Why is QuackSort 2x faster than Data.List's sort for random lists?

Question

I was looking for the canonical implementation of MergeSort on Haskell to port to HOVM, and I found this StackOverflow answer. When porting the algorithm, I realized something looked silly: the algorithm has a "halve" function that does nothing but split a list in two, using half of the length, before recursing and merging. So I thought: why not make a better use of this pass, and use a pivot, to make each half respectively smaller and bigger than that pivot? That would increase the odds that recursive merge calls are applied to already-sorted lists, which might speed up the algorithm!

I've done this change, resulting in the following code:

import Data.List
import Data.Word

randomList :: Word32 -> Word32 -> [Word32]
randomList seed 0    = []
randomList seed size = seed : randomList (seed * 1664525 + 1013904223) (size - 1)

quacksort :: [Word32] -> [Word32]
quacksort []           = []
quacksort [x]          = [x]
quacksort (p : x : xs) = split p (p : x : xs) [] [] where

  -- Splits the list in two halves of elements smaller/bigger than a pivot
  split p []       as bs = merge (quacksort as) (quacksort bs)
  split p (x : xs) as bs = quack p (p < x) x xs as bs

  -- Helper function for `split`
  quack p False x xs as bs = split p xs (x : as) bs
  quack p True  x xs as bs = split p xs as (x : bs)

  -- Merges two lists as a sorted one
  merge []       ys       = ys
  merge xs       []       = xs
  merge (x : xs) (y : ys) = place (x < y) x xs y ys

  -- Helper function for `merge`
  place False x xs y ys = y : merge (x : xs) ys
  place True  x xs y ys = x : merge xs (y : ys)

main :: IO ()
main = do
  let l = randomList 0 2000000
  let b = quacksort l
  print $ sum b

I then benchmarked it and, to my surprise, it was, indeed, 2x faster than Haskell's official Data.List sort. So I wondered why this isn't used in practice, and, suddenly, I realized the obvious: mergesort does NOT perform better on already sorted lists. D'oh. So the whole assumption behind quacksort was failed. Not only that, it would perform terribly for reversely sorted lists, since it would fail to produce two halves of similar size (except if we could guess a really good pivot). So, quacksort is wack in all cases and should never be used in practice. But, then...
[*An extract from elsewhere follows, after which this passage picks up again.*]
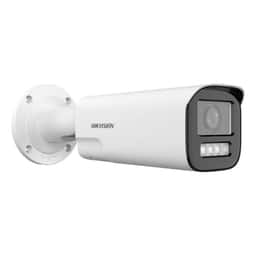HIKVISION DS-2CD1643G2-LIZSU/SL 4MP 2.7~13.5mm Moto Akıllı Çift Işık Mic. Bull - Küçük Görsel 3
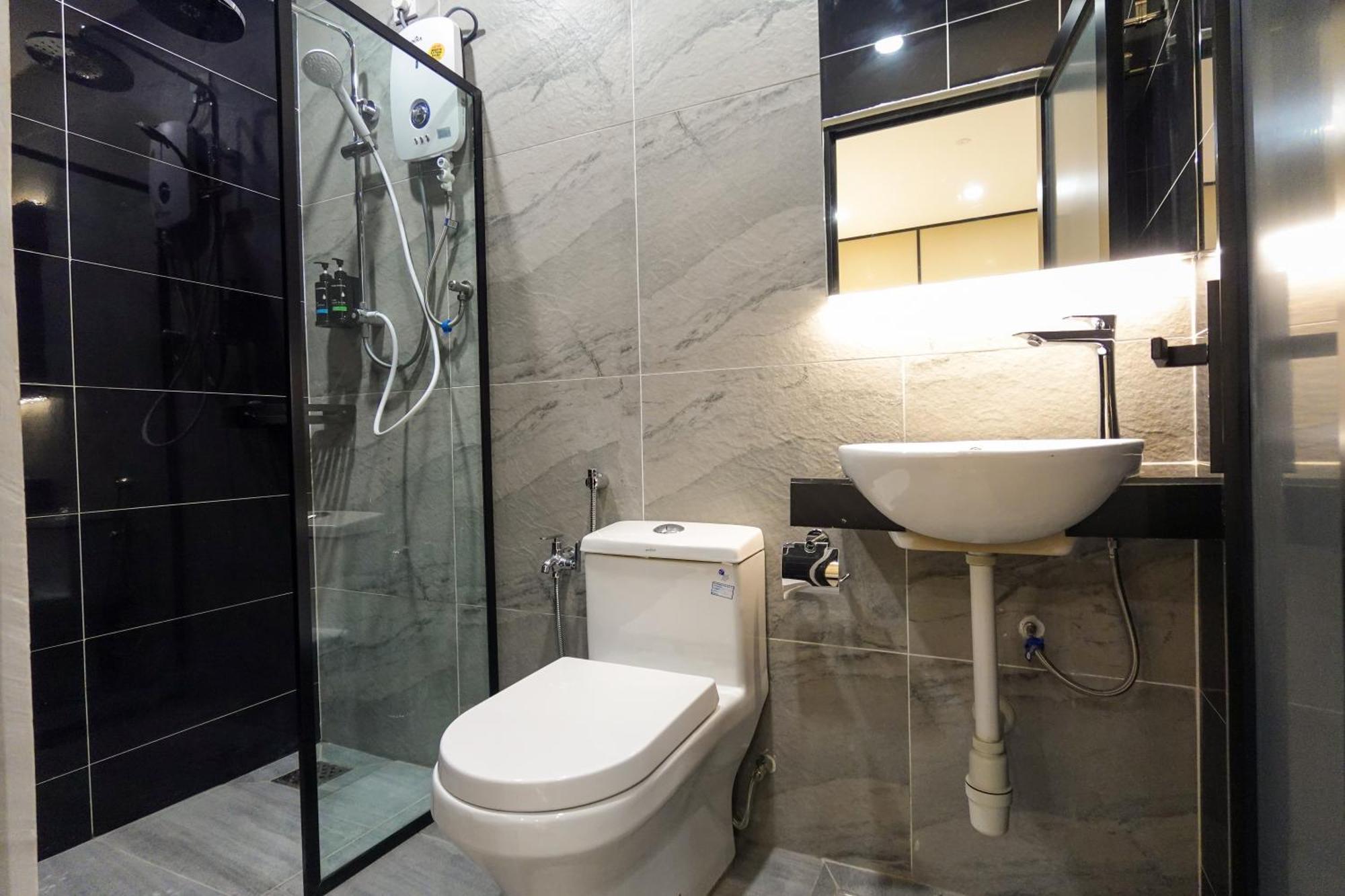 Merits Hotel Камерън Хайлендс Екстериор снимка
Why the hell does it perform 2x faster than Data.List's sort for random lists?

I can't think of a good reason this should be the case. Making each half smaller/bigger than a pivot doesn't change how many times the merge call must be called, so it shouldn't have any positive effect. But reverting it back to a conventional mergesort does make it 2x slower, so, for some reason, the ordered split helps.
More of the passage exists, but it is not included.